This Telegram scraper collects telegram messages, comments (comments.bot/comments.app) and media files. It was originally build for this story on behalf of Addendum.
Contributors: @PeterWalchhofer, @vali101, @fin
This scraper was written before Telgram introduced its native comment feature for broadcasting channels. Nowadays, comment.bot/comment.app extensions are rarely used anymore. Feel free to make a PR to support this feature. @vali101 re-wrote the scraper for his bachelor thesis here with a focus on snowball sampling. His code may help for extending the scraper or for finding interesting channels in the first place. Check it out!

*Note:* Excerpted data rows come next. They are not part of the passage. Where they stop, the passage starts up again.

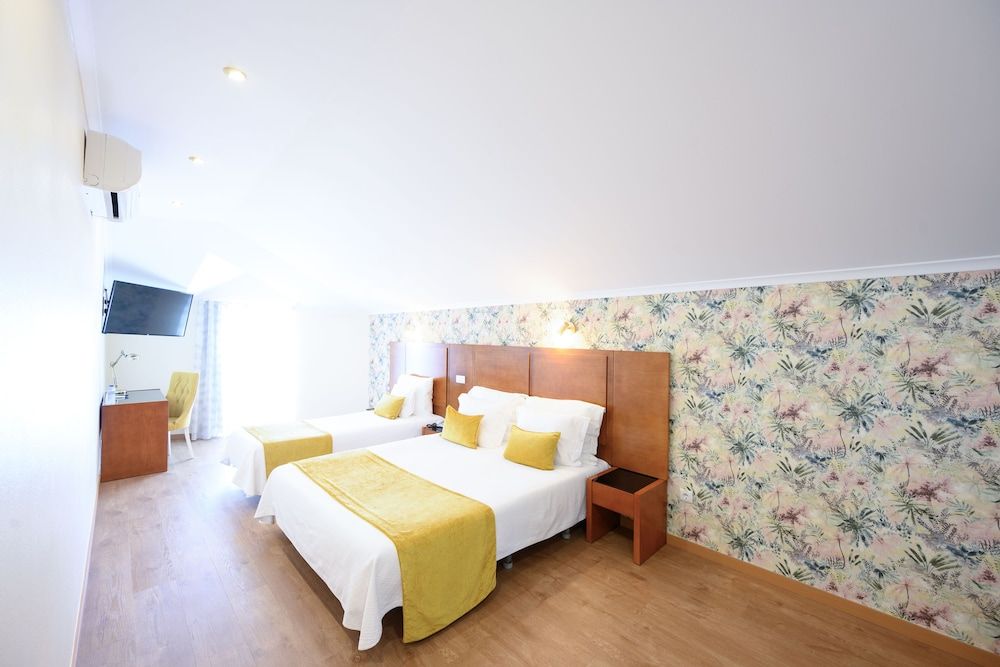 Recomeçar Guest House Triple Room 4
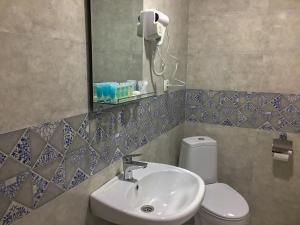 Ένα μπάνιο στο Guest House Maradona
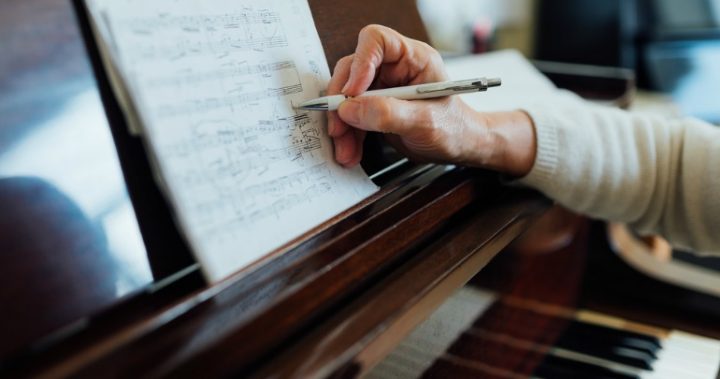 sheet-music-piano person writing on piano sheet music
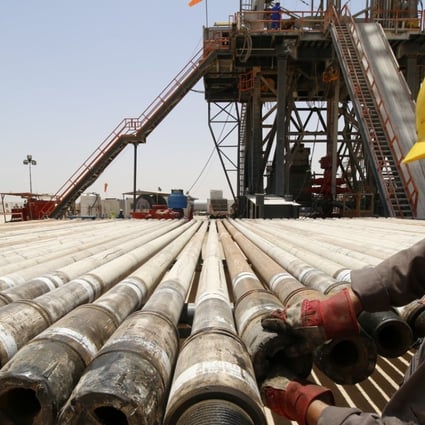 A man works for Iraqi Drilling Company at Rumaila oilfield in Basra, Iraq. US oil major Occidental Petroleum became one of the first companies to approval a shareholder proposal on climate change opposed by management. Photo: Reuters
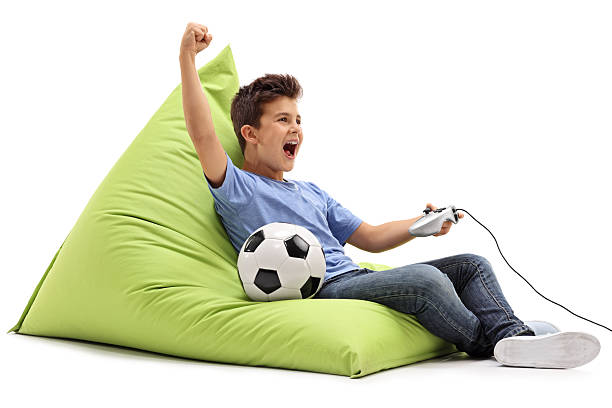 ragazzo gioioso che gioca a videogiochi di calcio - joystick soccer foto e immagini stock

- Google Chrome (However, in theory you could als use Firefox when installing the necessary driver manually )
- Python 3
- Telegram Account (Phone Number)
- A lot of storage if downloading media
- Time - arround 3000msg and comments/ per Minute.
- Install dependencies
make install
OR just install requirements.txt (using venv is recommended) - Create your own
channel.csv
as explained in the next section - Put the phone-number of the linked telegram account int the
config.yaml
- Get your API-key here an put them inside the
config.yaml
. sh scrape.sh
to start the scraper OR runchannelscraper/python app.py
- The outputs will be stored in the
/output
directory.
You need to create your own channels.csv
and put it in the /input
folder.
Only Link and Broadcast Relevant for scraping. The csv should have the form described below. There also is an example csv in the folder.

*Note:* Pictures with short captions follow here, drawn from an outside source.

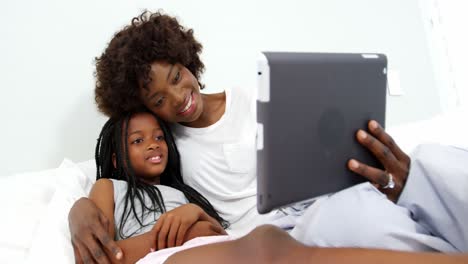 Madre-E-Hija-Usando-Tableta-Digital-En-El-Dormitorio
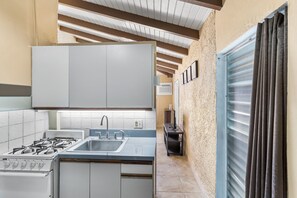 Condo, 1 Bedroom | Private kitchen | Fridge, oven, coffee/tea maker, toaster - Caribbean View Style 1 Bedroom Condo by RedAwning (Christiansted)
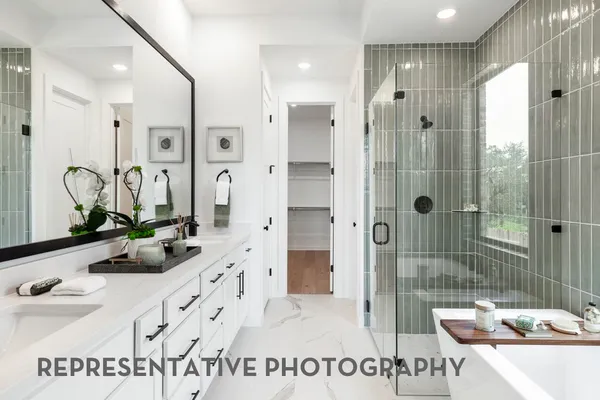 a bathroom with a double vanity sink and mirror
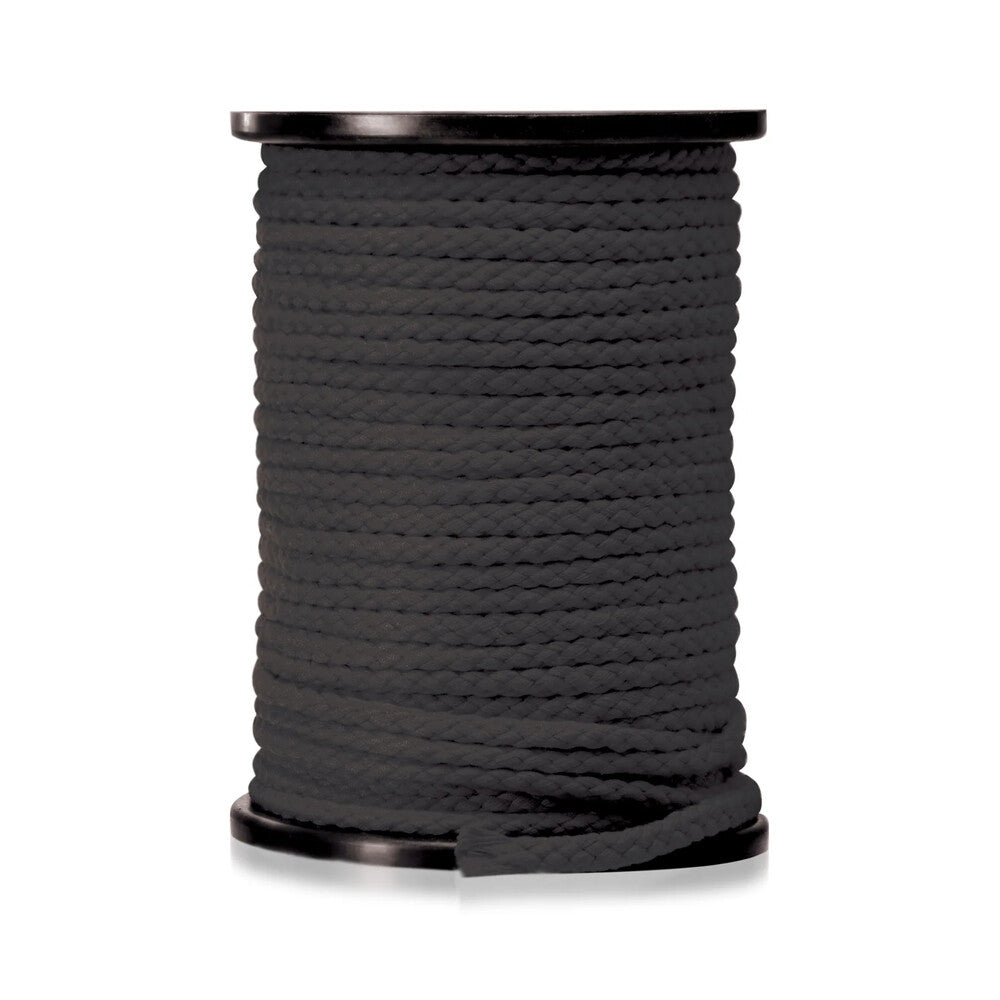 A long length of red bondage rope from the fetish fantasy series, coiled neatly.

Kategorie | Name | Link | @ | Broadcast |
---|---|---|---|---|
Gruppe Typ XY | Example Channel | https://t.me/example_channel | example_channel | TRUE |
- Kategorie(optional): Metadata to annotate channel
- Name(optional): Not identifier Name
- Link: Link to channel
- @ (optional): Indentifier Name
- Broadcast: ´True´ if channel is Broadcasting Channel ´else´ false. Broadcasting channels are large one-to-many channels that only allow owners to write messages.
The Scraper can be further configured via the channelscraper/config.yaml
.
The Scraper extracts all messages from a channel. It is also possible to scrape only those messages that were written in the last x days. This can be set in the config.yaml
.
- In many broadcasting channels comment-bots are used in order to provide feedback from the audience. It is also possible to scrape those messages. Currently comments.app and comments.bot bots are supported.

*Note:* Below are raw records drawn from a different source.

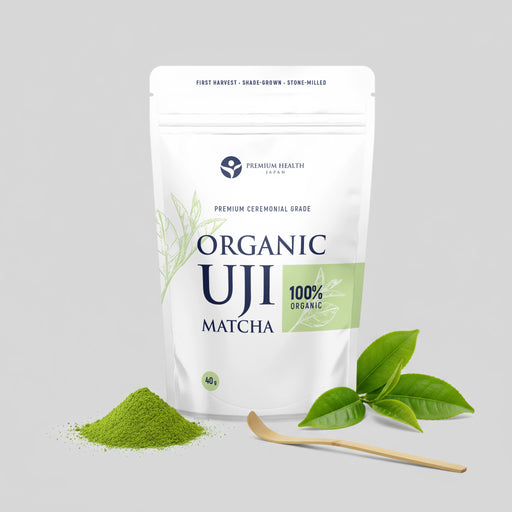 Organic Uji matcha 40 g pouch with matcha powder and fresh tea leaves displayed beside a bamboo chashaku on a light background.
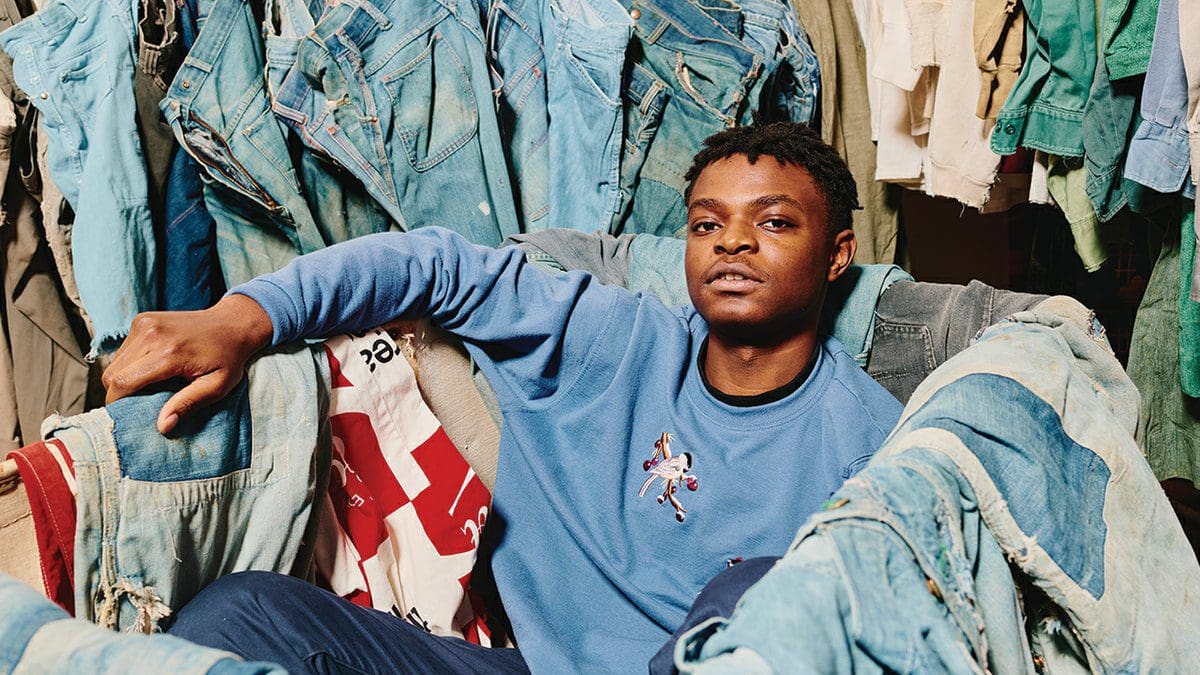 miloe2.jpg A person in a blue sweatshirt sits in a chair surrounded by various jackets and garments, particularly denim, with an expression of relaxed confidence, embodying the effortless cool of What Made Gaps.
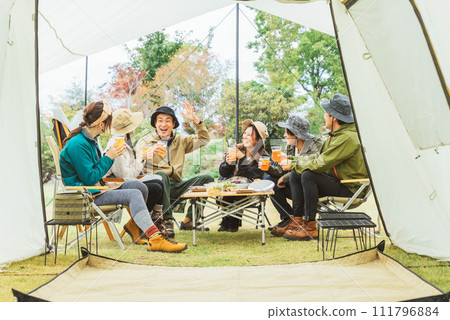 Asian men and women drinking beer and partying with friends at a campsite in autumn and winter (group camping) Asian men and women drinking beer and partying with friends at a campsite in autumn and winter (group camping) 111796884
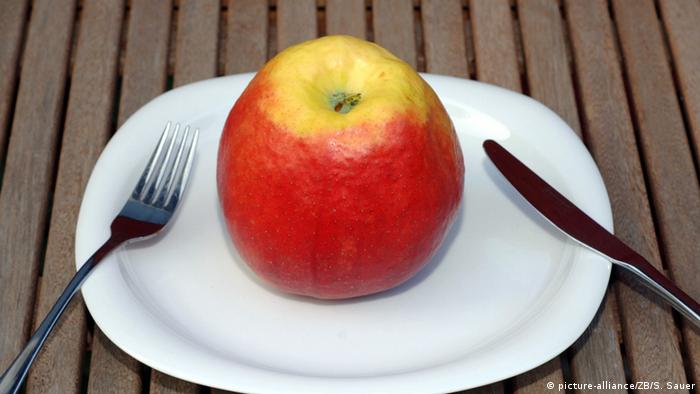 Ein Apfel liegt mit Besteck auf einem Teller (picture-alliance/ZB/S. Sauer)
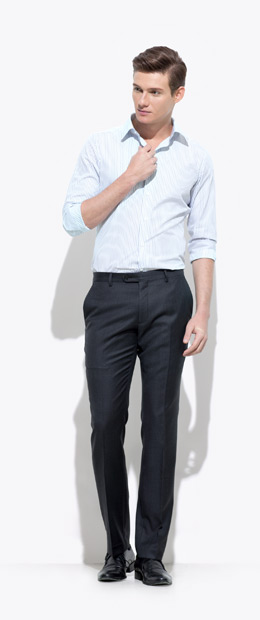 A model wearing an INDOCHINO pin-stripe custom shirt and black pants 2.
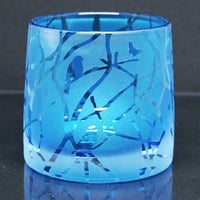Image 1 of Blue tealight holder with twigs and stars design
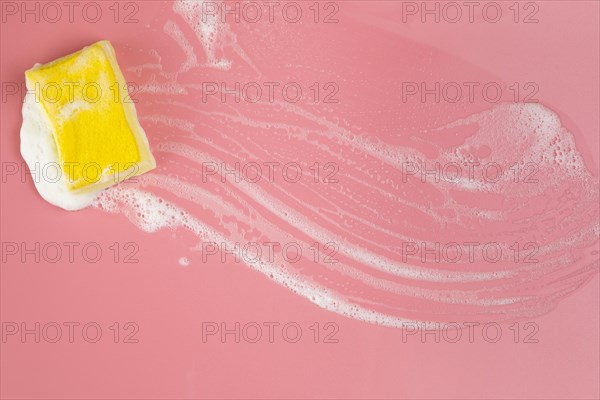 Top view sponge with foam pink background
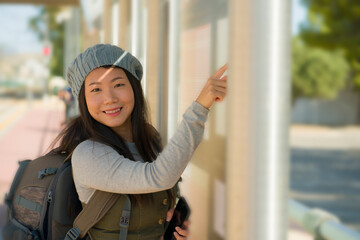 outdoors lifestyle portrait of young beautiful and happy Asian Japanese woman waiting the train on station platform bench checking travel and itinerary schedule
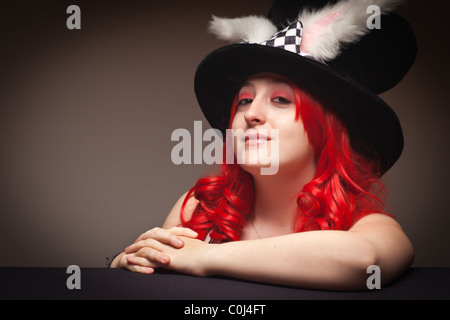Sultry Red Haired Woman Wearing Bunny Ear Hat on a Grey Background. Stock Photo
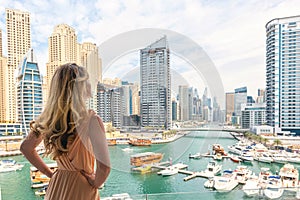 Woman in Dubai Marina, United Arab Emirates. Attractive lady wearing a long dress admiring Marina daylight views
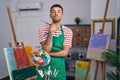 Brazilian young man holding painter palette at artist studio looking at the camera blowing a kiss being lovely and sexy Royalty Free Stock Photo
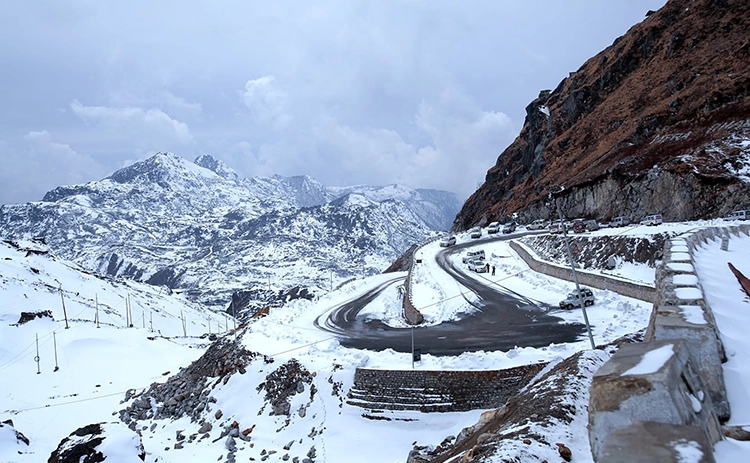 Visit Nathula Pass in Sikkim, a stunning snow-covered border spot offering breathtaking views.
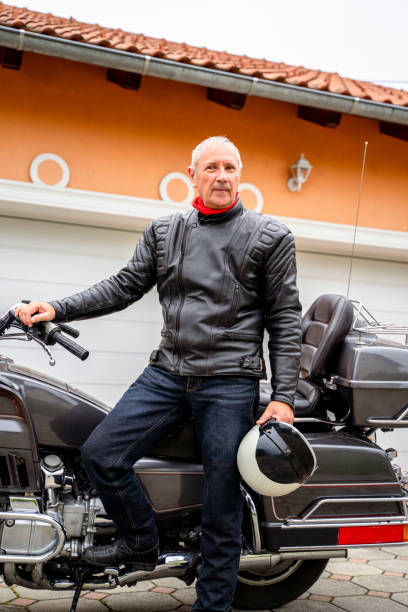 istock Man posing with Motorcycle in Front of Garage 2177154304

- Be careful. The date format is different from the telegram-api and has to be parsed manually (e.g. Dec 09)
- As there is a "Load more comments" button it has to be clicked using javascript. Selenium is used to interact with the chrome driver that is installed automatically.
- Unique username extraction is working most of the time. However, if the user has deleted its account, this is not possible.
- Unique usernames are not extracted, because we found no way to find out without querying the api at a high cost.
- Only the display name is persited
- Messages and comments are persisted in the same csv-file. To tell them apart use the
isComment
column. Additionally, the ID includes a period in the format msgId.commId (e.g. 101.3) - We allocated ids to the comments manually. The telegram message ids are unique within a channel.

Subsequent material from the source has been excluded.